Disse que o mesmo ex-governador lhe pediu que anunciasse que iria aderir ao seu “projeto político, considerando que (…) vários candidatos concordam com a necessidade de uma decisão política que lhe permita” sair da prisão, incluindo amnistia.

Pérez acrescentou que, embora seu trabalho principal seja na proteção jurídica, “Se a decisão de libertar Castillo vier da esfera política”, “com certeza também” fazer “aquele exercício”.

O promotor demitido argumentou que o processo de julgamento estava repleto de irregularidades

“É por isso que o presidente Pedro Castillo o convida a aderir ao seu projeto político para alcançar a sua liberdade (…) Castillo tornou-se um preso político, tornou-se refém dos tribunais. Estas são as condições que o presidente Pedro Castillo me pediu para falar sobre a opinião pública, situação que não é estranha às diversas declarações de advogados internacionais, das quais também partilho”, afirmou.

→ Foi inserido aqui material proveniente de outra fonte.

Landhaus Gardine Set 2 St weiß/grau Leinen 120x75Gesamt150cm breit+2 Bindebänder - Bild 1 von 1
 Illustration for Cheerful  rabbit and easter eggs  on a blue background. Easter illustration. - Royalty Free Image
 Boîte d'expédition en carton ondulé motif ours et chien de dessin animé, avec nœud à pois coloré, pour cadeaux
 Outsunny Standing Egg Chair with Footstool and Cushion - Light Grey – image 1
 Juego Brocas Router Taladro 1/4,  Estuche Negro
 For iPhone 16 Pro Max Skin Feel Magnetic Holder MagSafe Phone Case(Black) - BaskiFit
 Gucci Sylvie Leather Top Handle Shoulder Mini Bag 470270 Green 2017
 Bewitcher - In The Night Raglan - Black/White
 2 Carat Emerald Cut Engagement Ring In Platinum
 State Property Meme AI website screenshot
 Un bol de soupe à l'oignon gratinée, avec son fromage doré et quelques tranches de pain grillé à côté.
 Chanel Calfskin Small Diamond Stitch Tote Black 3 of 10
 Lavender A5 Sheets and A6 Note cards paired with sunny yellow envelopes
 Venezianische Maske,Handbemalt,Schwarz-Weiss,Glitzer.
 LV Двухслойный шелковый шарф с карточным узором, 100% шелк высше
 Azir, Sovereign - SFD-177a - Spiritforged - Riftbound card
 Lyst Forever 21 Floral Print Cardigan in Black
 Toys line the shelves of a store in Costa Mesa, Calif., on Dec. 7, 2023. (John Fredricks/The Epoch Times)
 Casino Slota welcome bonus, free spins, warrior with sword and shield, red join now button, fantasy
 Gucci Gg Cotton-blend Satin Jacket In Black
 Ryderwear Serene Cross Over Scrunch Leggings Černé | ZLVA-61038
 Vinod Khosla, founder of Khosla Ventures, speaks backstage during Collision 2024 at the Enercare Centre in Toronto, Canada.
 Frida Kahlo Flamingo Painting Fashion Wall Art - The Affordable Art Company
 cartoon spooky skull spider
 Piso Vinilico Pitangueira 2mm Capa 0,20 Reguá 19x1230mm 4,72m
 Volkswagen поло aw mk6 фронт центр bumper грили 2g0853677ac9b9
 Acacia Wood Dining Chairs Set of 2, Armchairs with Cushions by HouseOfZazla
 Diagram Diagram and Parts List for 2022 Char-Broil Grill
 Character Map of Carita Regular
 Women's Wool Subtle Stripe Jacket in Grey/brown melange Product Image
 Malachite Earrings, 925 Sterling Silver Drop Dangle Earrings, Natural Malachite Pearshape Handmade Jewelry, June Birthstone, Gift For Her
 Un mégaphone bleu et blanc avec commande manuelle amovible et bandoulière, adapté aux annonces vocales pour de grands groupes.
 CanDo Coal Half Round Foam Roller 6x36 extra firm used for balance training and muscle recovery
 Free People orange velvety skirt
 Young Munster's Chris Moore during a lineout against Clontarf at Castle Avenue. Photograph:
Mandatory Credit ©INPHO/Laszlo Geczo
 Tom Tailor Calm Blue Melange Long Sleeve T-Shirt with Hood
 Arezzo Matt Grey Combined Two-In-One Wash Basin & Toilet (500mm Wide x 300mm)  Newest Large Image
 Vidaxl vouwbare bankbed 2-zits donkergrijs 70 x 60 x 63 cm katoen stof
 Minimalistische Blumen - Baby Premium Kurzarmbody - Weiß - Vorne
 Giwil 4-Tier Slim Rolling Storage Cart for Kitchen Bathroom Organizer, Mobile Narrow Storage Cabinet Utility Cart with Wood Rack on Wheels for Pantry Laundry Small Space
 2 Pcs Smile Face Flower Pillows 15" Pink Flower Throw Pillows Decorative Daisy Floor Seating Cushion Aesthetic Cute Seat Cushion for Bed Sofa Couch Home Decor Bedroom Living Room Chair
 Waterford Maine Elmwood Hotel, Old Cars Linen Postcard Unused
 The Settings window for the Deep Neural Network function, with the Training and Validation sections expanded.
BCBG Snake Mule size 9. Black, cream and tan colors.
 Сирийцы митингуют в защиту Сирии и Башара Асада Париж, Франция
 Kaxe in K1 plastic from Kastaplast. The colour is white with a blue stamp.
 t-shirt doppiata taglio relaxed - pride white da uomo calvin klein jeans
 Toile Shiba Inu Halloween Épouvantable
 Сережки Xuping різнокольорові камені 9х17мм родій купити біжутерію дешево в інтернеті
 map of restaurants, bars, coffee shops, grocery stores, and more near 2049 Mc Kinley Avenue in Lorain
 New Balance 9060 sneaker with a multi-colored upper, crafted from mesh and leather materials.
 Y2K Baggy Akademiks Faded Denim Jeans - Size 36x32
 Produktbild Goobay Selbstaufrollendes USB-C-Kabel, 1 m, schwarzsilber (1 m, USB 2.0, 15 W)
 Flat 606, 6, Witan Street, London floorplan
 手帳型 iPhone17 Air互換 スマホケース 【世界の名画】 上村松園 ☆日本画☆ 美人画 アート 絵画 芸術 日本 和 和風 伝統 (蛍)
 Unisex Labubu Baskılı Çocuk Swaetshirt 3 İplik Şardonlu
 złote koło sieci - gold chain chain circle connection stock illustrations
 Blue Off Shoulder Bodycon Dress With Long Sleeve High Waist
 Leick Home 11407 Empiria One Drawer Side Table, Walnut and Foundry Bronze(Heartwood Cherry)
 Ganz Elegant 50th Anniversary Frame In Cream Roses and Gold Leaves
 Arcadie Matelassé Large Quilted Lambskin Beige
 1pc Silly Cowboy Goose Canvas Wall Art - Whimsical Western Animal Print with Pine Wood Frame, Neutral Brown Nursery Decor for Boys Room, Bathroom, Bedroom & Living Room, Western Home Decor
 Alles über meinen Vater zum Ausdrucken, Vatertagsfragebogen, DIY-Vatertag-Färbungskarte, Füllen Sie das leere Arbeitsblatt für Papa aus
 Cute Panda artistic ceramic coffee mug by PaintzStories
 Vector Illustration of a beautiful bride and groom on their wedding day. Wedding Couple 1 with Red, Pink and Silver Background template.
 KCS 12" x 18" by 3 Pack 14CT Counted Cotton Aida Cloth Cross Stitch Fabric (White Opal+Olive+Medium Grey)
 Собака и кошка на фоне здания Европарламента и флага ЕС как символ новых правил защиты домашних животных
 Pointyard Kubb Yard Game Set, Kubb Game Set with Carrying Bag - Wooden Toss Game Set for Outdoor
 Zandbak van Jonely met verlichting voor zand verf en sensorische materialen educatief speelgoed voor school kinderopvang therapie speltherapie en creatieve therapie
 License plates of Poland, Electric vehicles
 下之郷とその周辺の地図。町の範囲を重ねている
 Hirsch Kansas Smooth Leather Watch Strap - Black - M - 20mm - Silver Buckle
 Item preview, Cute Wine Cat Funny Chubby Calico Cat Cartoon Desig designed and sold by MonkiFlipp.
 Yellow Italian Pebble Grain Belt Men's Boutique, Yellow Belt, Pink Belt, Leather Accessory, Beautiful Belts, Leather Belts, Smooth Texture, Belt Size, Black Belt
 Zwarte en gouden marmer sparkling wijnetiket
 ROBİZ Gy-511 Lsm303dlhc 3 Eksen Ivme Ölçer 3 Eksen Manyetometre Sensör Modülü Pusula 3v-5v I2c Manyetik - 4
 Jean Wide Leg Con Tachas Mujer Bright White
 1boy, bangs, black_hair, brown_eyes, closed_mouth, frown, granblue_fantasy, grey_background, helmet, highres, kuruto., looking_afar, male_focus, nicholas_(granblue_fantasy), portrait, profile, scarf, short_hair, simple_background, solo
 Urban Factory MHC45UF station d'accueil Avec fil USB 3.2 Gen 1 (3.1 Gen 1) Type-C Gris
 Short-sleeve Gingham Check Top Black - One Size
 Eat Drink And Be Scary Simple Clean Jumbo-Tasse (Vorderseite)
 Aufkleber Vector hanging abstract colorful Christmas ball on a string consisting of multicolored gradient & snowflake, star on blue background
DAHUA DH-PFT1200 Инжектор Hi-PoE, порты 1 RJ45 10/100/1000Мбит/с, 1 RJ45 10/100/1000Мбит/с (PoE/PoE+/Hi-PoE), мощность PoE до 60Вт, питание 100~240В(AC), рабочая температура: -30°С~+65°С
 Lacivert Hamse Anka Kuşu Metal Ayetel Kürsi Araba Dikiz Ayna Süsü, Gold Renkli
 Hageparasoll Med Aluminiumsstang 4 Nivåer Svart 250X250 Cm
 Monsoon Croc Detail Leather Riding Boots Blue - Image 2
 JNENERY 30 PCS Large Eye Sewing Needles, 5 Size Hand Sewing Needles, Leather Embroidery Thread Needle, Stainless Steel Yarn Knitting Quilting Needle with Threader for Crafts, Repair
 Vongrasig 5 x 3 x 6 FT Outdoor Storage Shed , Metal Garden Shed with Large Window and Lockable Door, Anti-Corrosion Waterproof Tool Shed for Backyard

Ex-integrantes da Equipe Especial da Lava Jato, que acusou a atual candidata presidencial Keiko Fujimori, assim como os ex-presidentes Alejandro Toledo (2001-2006) e Pedro Pablo Kuczynski (2016-2018), acreditavam que “A ordem constitucional não foi quebrada” quando Castillo tenta fechar o Congressoque tentou removê-lo anteriormente por causa da corrupção.

“Sua posição certamente será examinada por um juiz de segunda instância e através do julgamento a que foi submetido o presidente Pedro Castillo, foi submetido a muitas irregularidades”, afirmou.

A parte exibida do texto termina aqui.